A.M.Rucklidge, N.O.Weiss and M.R.E.Proctor
Department of Applied Mathematics and Theoretical Physics,
University of Cambridge, Cambridge, CB3 9EW, UK

Abstract. Two-dimensional convection can become unstable to a mean shear flow. In three dimensions, with periodic boundary conditions in the two horizontal directions, this instability can cause the alignment of convection rolls to alternate between the x and y axes. Rolls with their axes in the y-direction become unstable to a shear flow in the x-direction that tilts and suppresses the rolls, but this flow does not affect rolls whose axes are aligned with it. New rolls, orthogonal to the original rolls, can grow, until they in turn become unstable to the shear flow instability. This behaviour is illustrated both through numerical simulations and through low-order models, and the sequence of local and global bifurcations is determined.

gzipped PostScript version of this paper (0.2MB)

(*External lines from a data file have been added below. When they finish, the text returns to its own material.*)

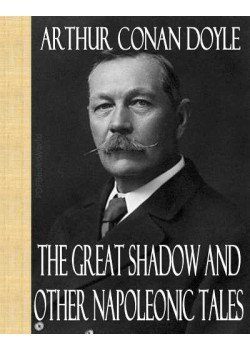 The Great Shadow and Other Napoleonic Tales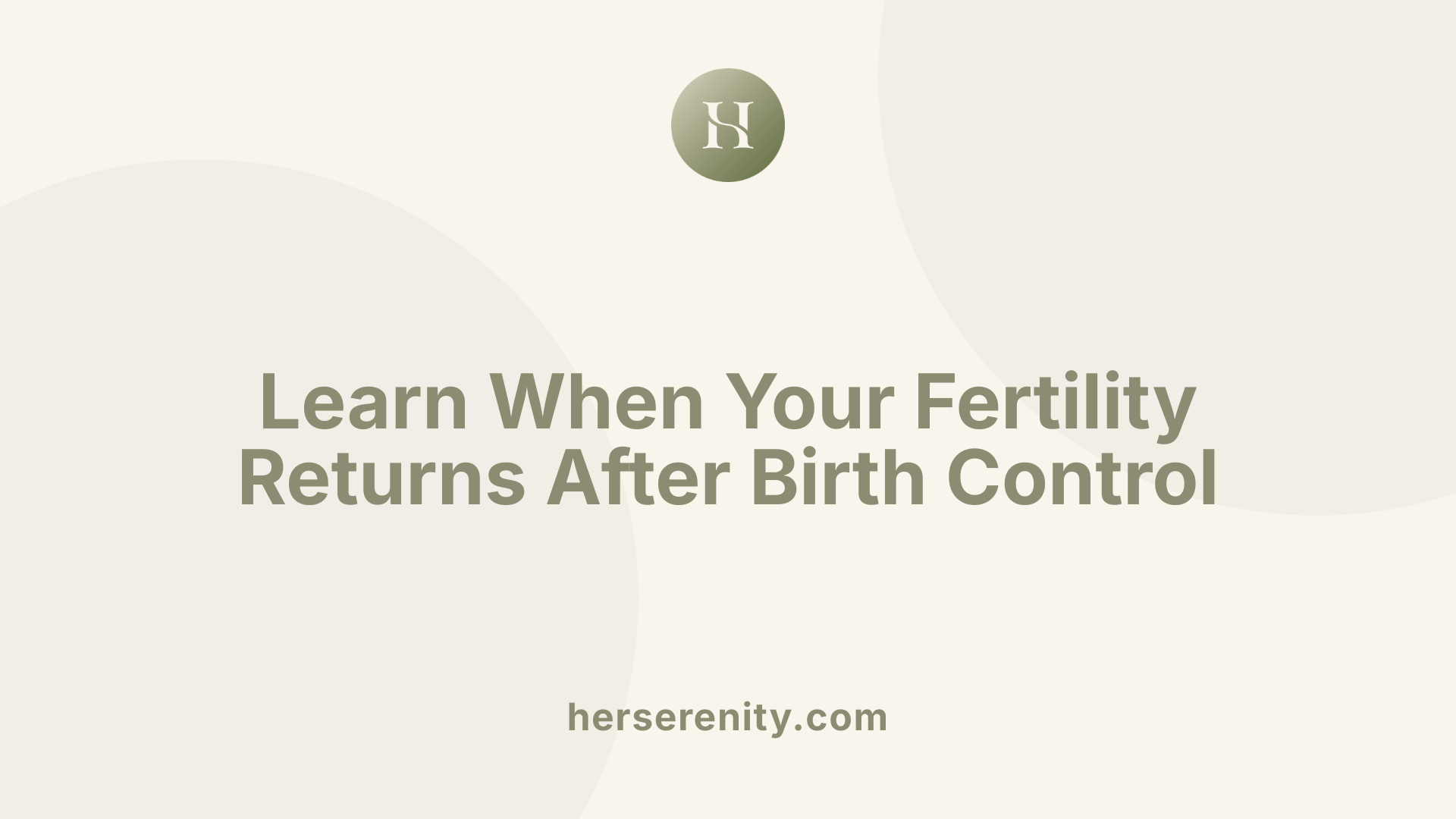 Learn When Your Fertility Returns After Birth Control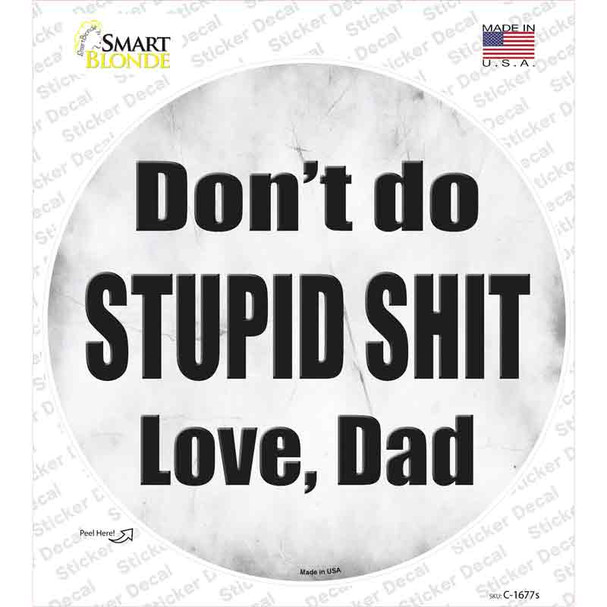 Dont Do Stupid Shit Love Dad Novelty Circle Sticker Decal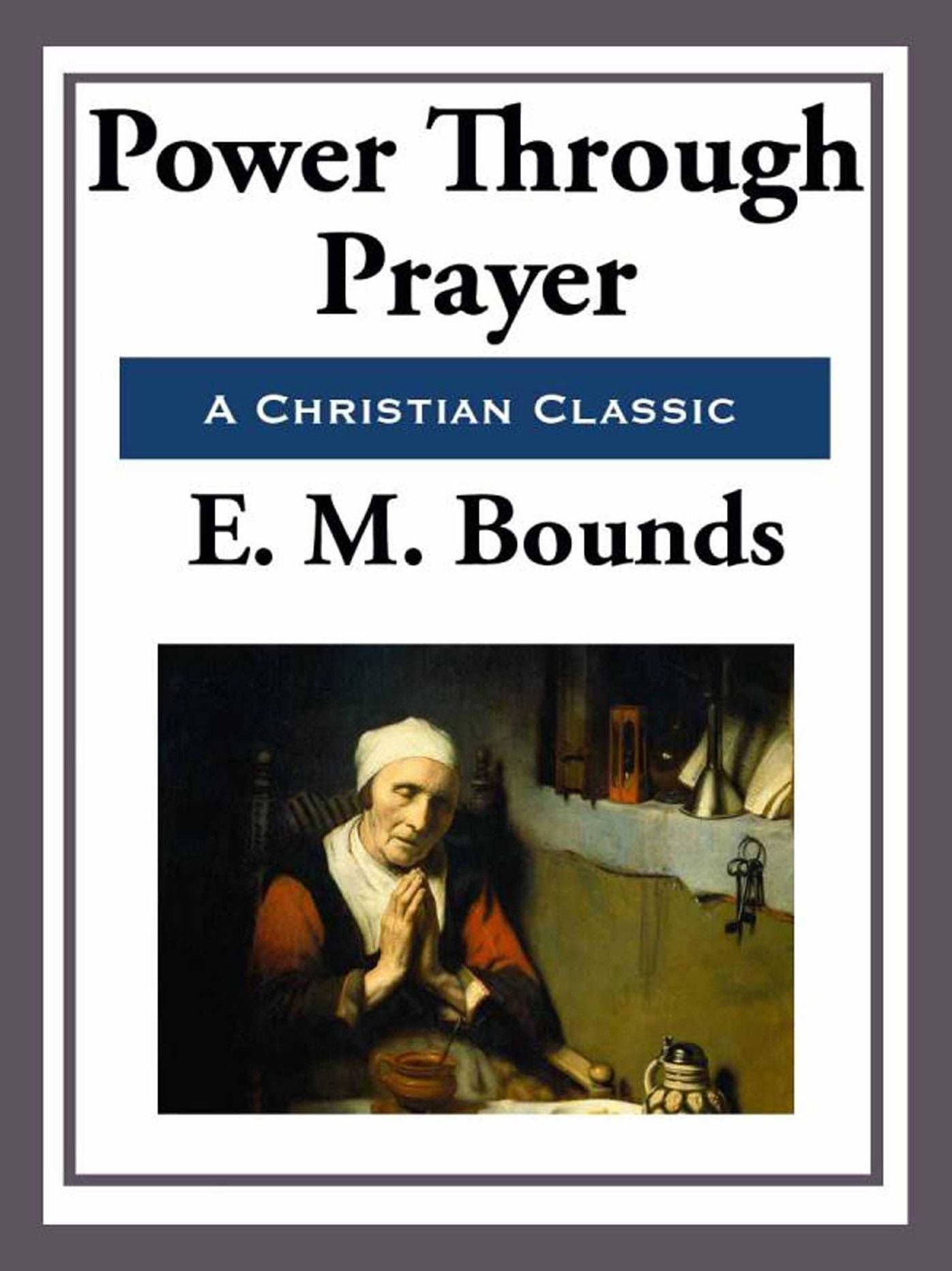 Power Through Prayer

### Movies relevant to this paper: behaviour as a function of r

Numerical simulations of 3D convection in a compressible layer, in a cubic box with periodic boundary conditions in the two horizontal directions. Fixed temperature and stress-free boundary conditions are imposed at the top and bottom of the box. The Prandtl number is 0.8; the controlling parameter is r=R/RC. Movies courtesy of Derek Brownjohn.
• r=1.00: convection sets in as two-dimensional rolls, which continue to r=1.20.
• By r=1.40, rolls lose stability to tilted rolls.
• These in turn lose stability to tilted squares by r=1.50.
• By r=1.55, time dependence begins in a Hopf bifurcation leading to oscillatory tilted squares (gzipped movie, 0.4MB).
• At r=1.65, chaos has set in near a heteroclinic bifurcation involving squares (gzipped movie, 1.5MB).
• At r=1.80, there is a structurally stable heteroclinic cycle (gzipped movie, 1.3MB).
• At r=2.00, the structurally stable heteroclinic cycle connects fixed points and periodic orbits (gzipped movie, 1.7MB).